Brief: Leave out pictures; repeat exactly the lines from the "Immagine prodotto Absolute" line through the last of the data below.

Data extracts:

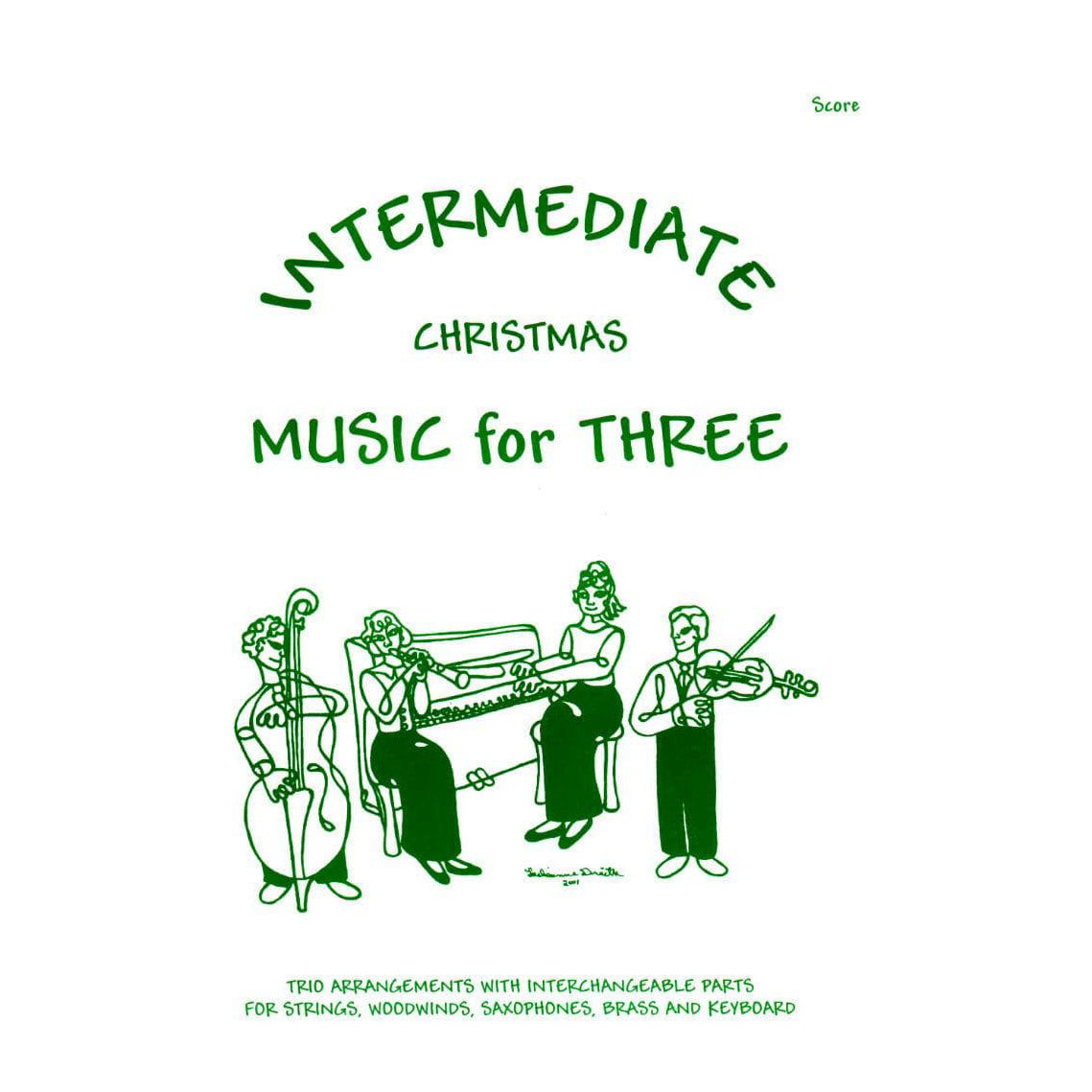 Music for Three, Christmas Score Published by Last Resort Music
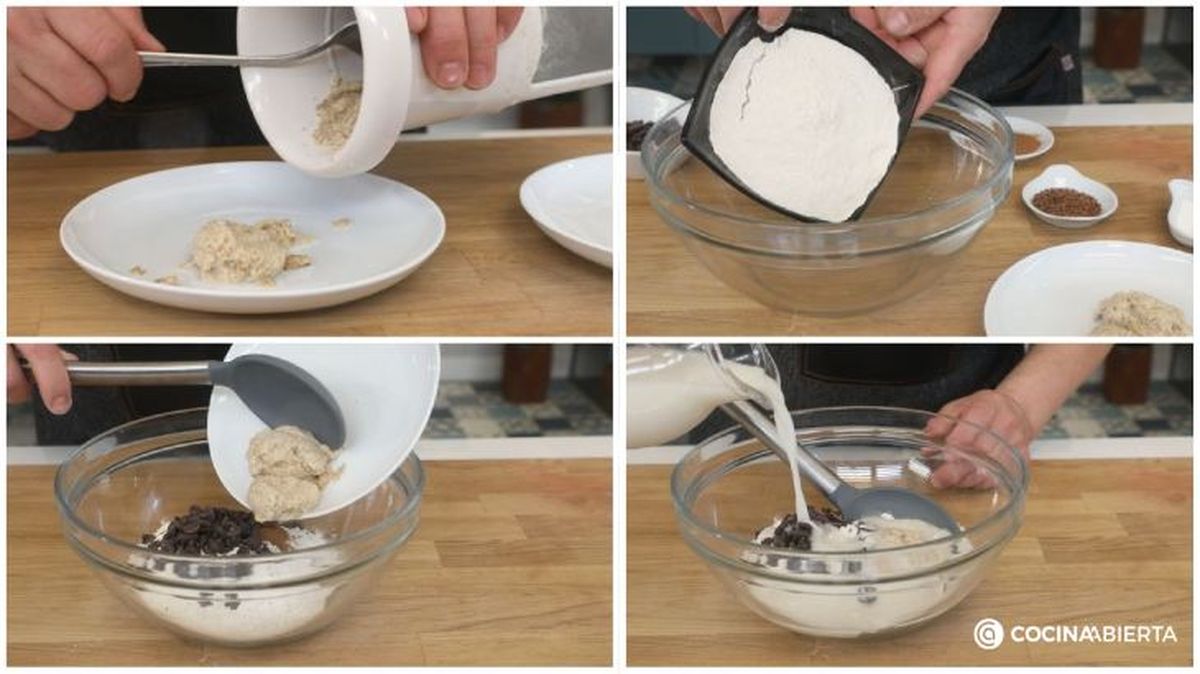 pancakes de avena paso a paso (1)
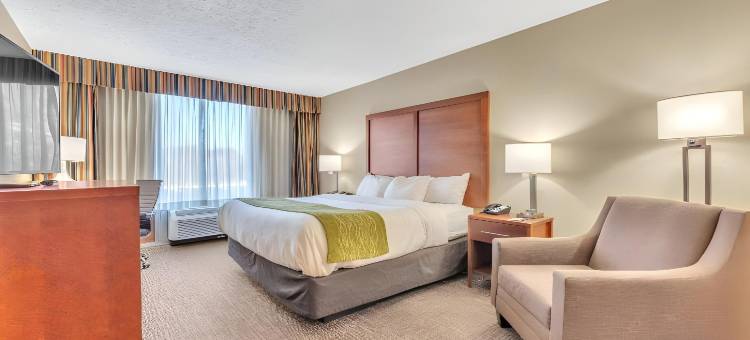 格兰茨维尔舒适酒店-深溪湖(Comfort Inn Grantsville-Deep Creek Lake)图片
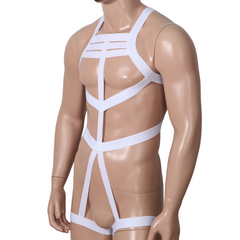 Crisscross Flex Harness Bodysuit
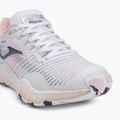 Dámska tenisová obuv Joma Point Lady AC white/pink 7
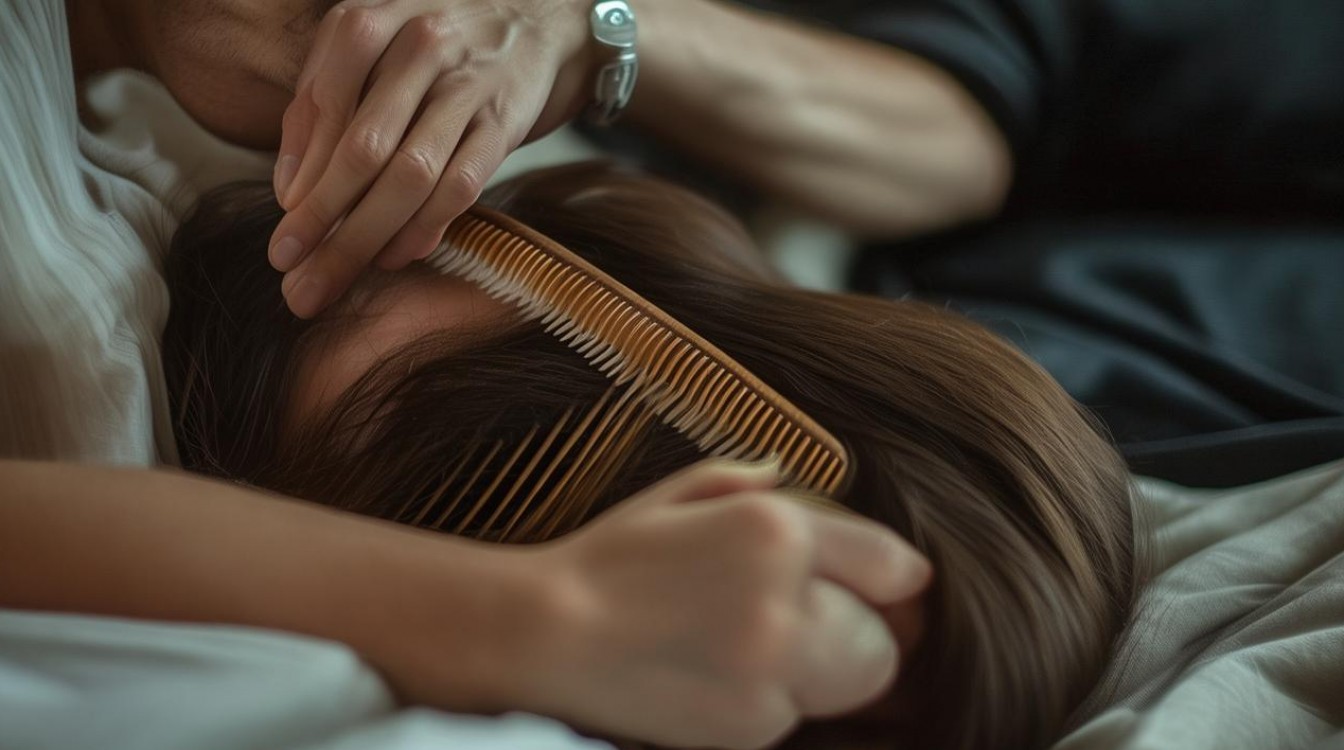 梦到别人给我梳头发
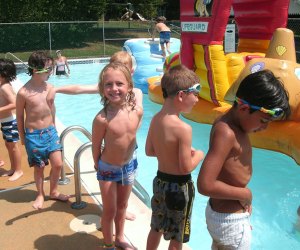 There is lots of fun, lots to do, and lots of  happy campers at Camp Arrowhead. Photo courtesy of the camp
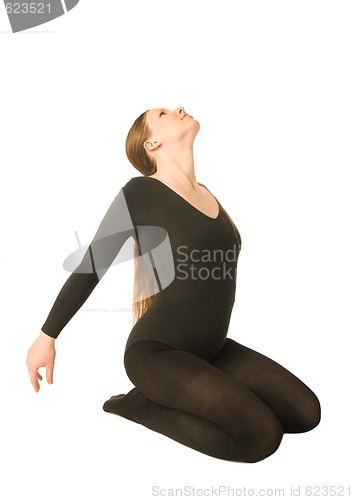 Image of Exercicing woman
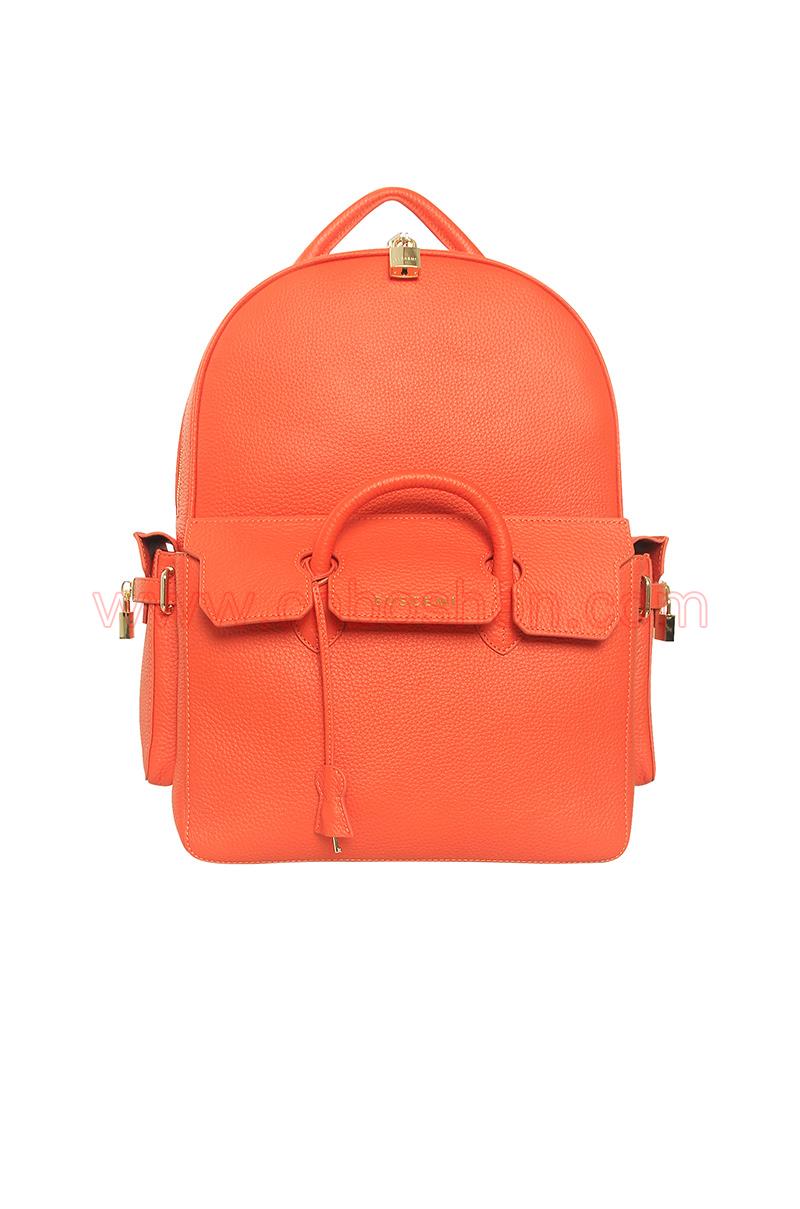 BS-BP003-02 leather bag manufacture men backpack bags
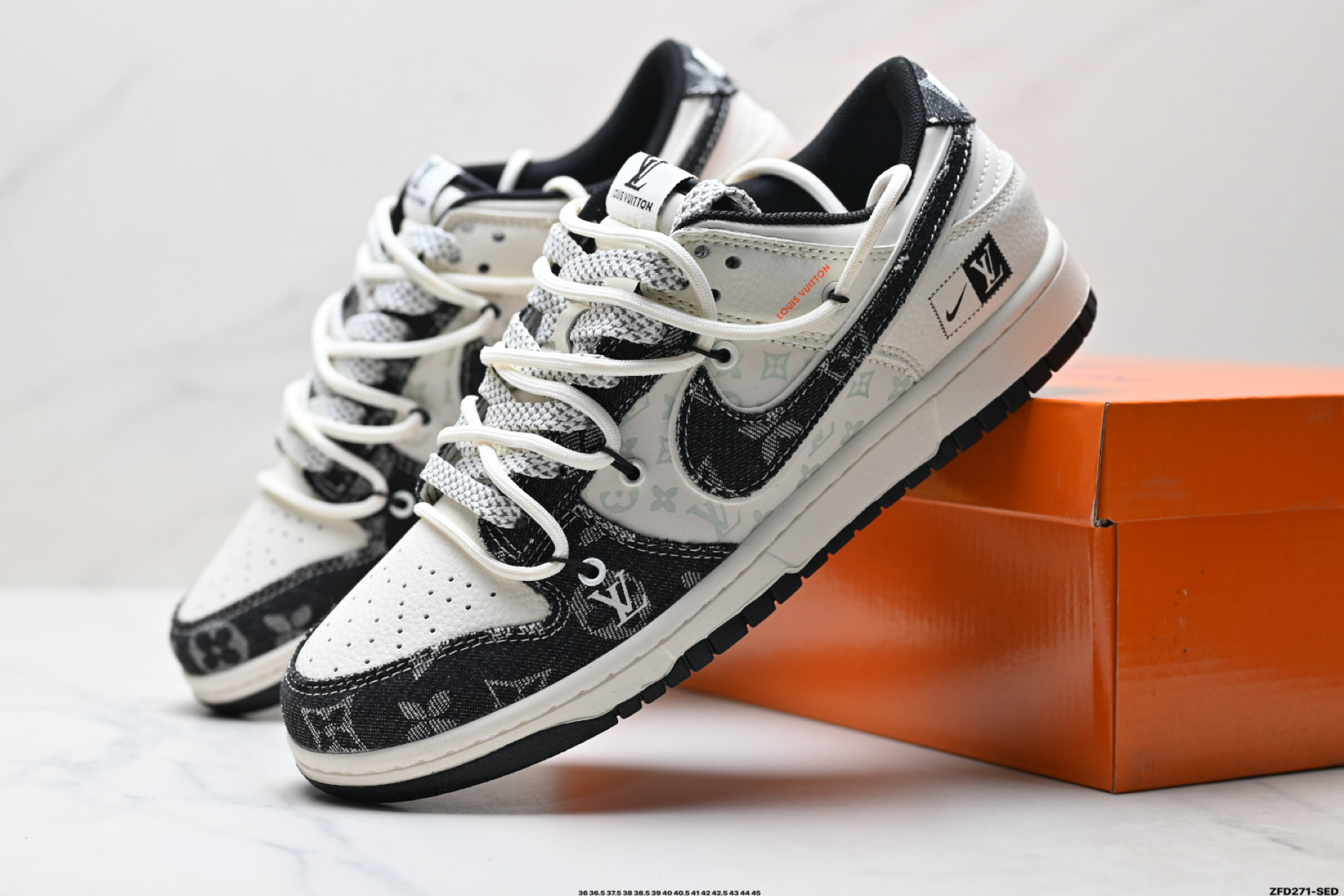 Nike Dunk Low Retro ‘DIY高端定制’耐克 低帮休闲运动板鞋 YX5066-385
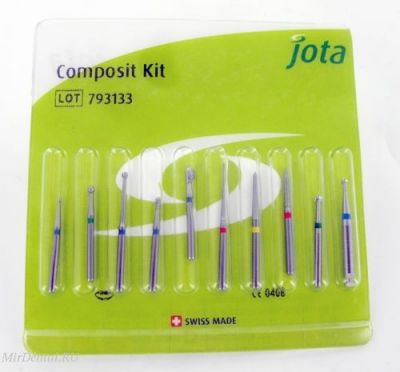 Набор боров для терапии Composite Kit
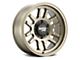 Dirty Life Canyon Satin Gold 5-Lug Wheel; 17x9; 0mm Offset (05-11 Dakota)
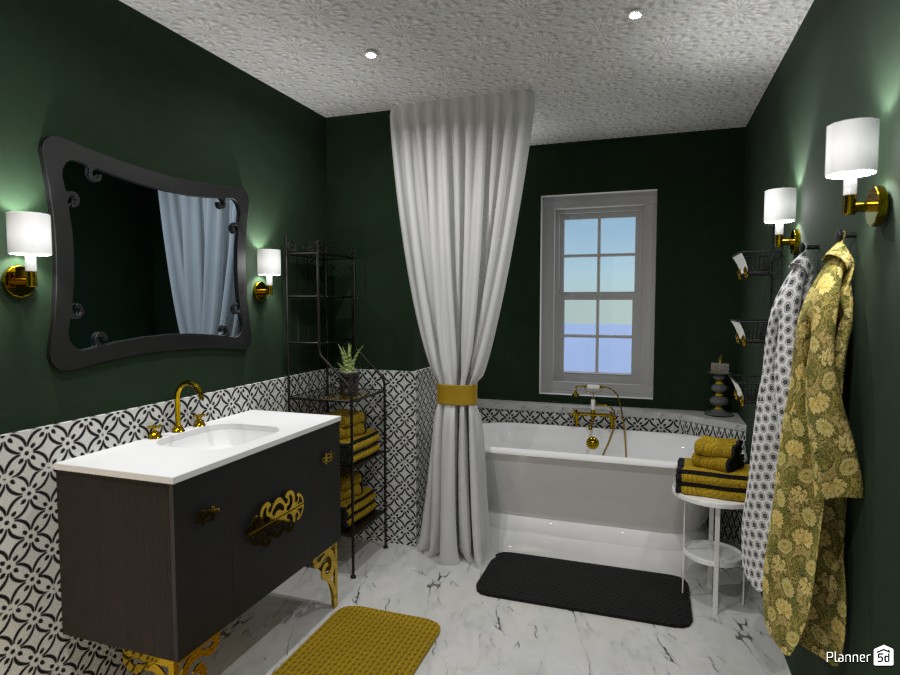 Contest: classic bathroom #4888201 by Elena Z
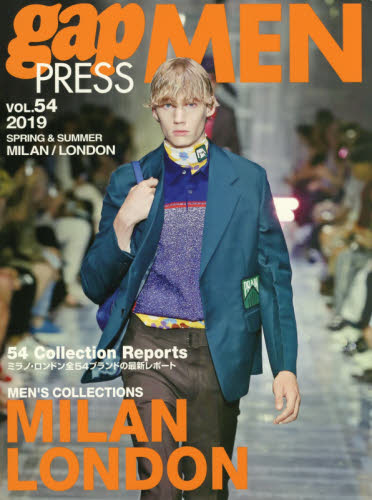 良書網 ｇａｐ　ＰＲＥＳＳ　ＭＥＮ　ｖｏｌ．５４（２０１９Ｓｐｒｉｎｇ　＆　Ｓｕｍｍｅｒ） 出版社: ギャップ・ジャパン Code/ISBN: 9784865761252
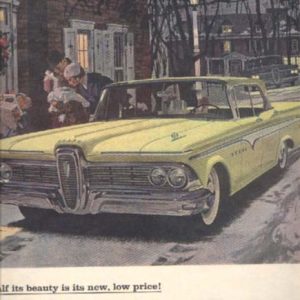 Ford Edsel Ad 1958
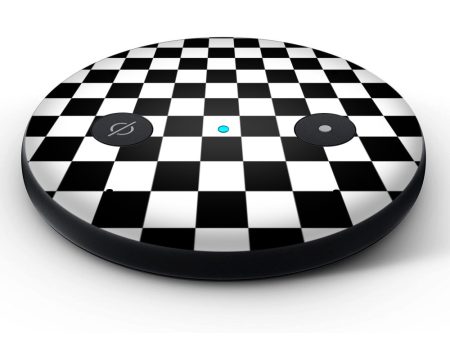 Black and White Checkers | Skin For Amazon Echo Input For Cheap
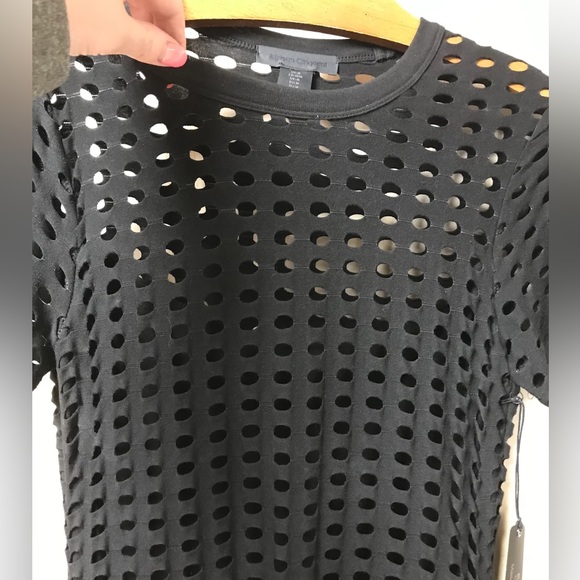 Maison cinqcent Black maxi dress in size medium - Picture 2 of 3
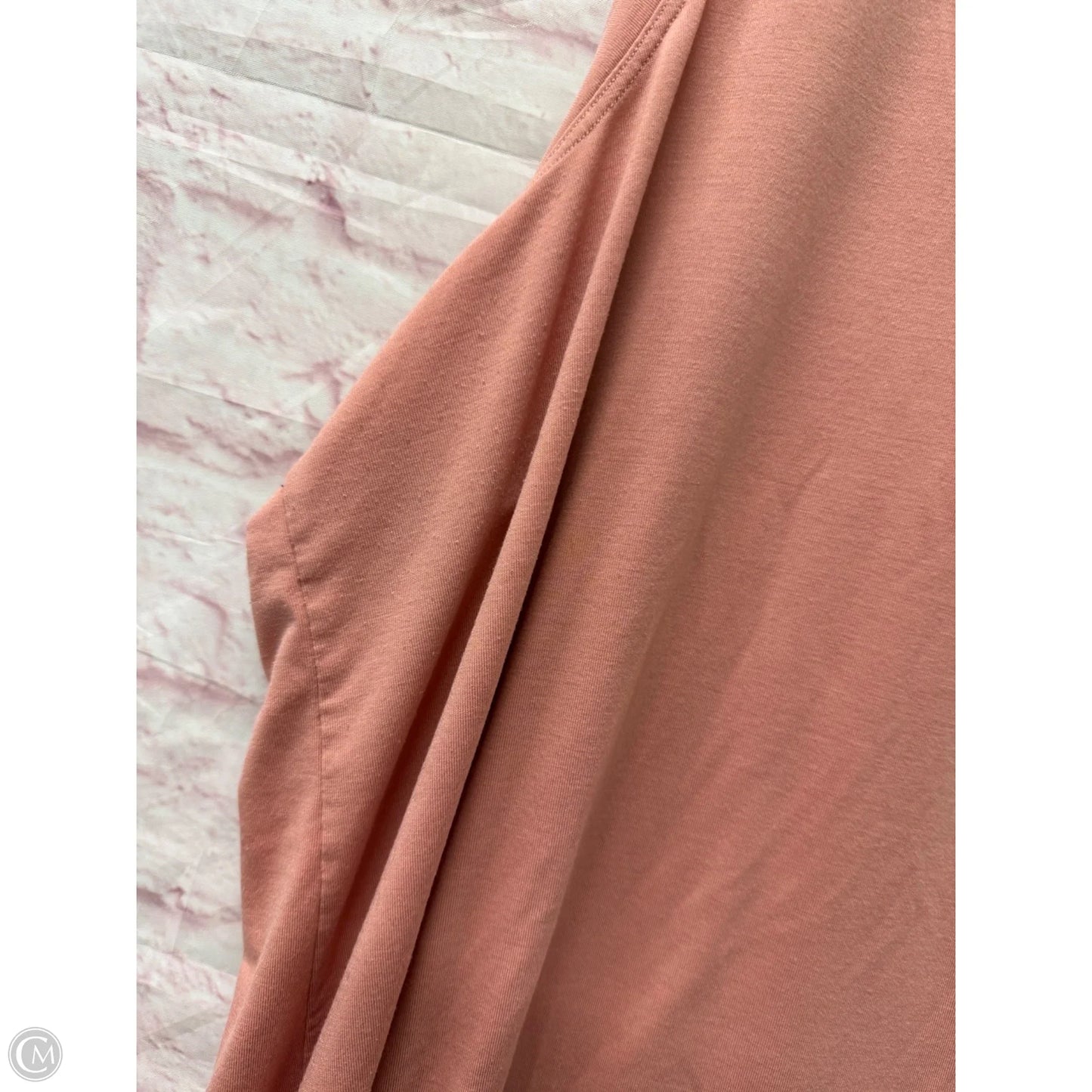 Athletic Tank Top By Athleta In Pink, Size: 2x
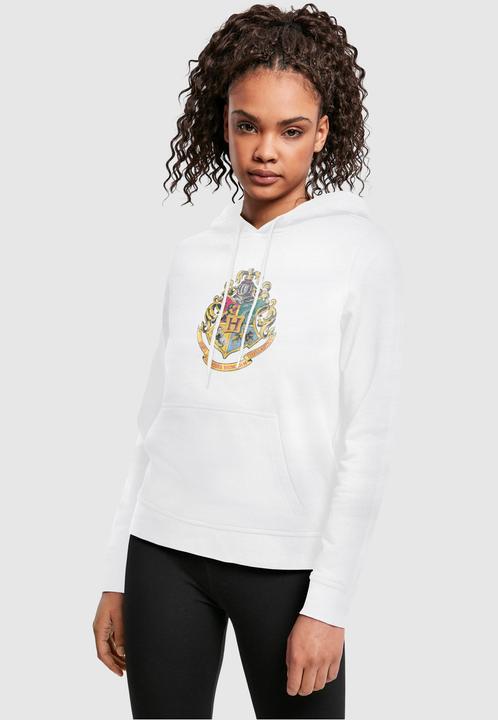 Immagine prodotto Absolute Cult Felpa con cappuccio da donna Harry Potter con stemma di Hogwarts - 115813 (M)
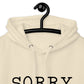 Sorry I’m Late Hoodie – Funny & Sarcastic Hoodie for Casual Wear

Answer section:
 Immagine prodotto Absolute Cult Felpa con cappuccio da donna Harry Potter con stemma di Hogwarts - 115813 (M)
 Sorry I’m Late Hoodie – Funny & Sarcastic Hoodie for Casual Wear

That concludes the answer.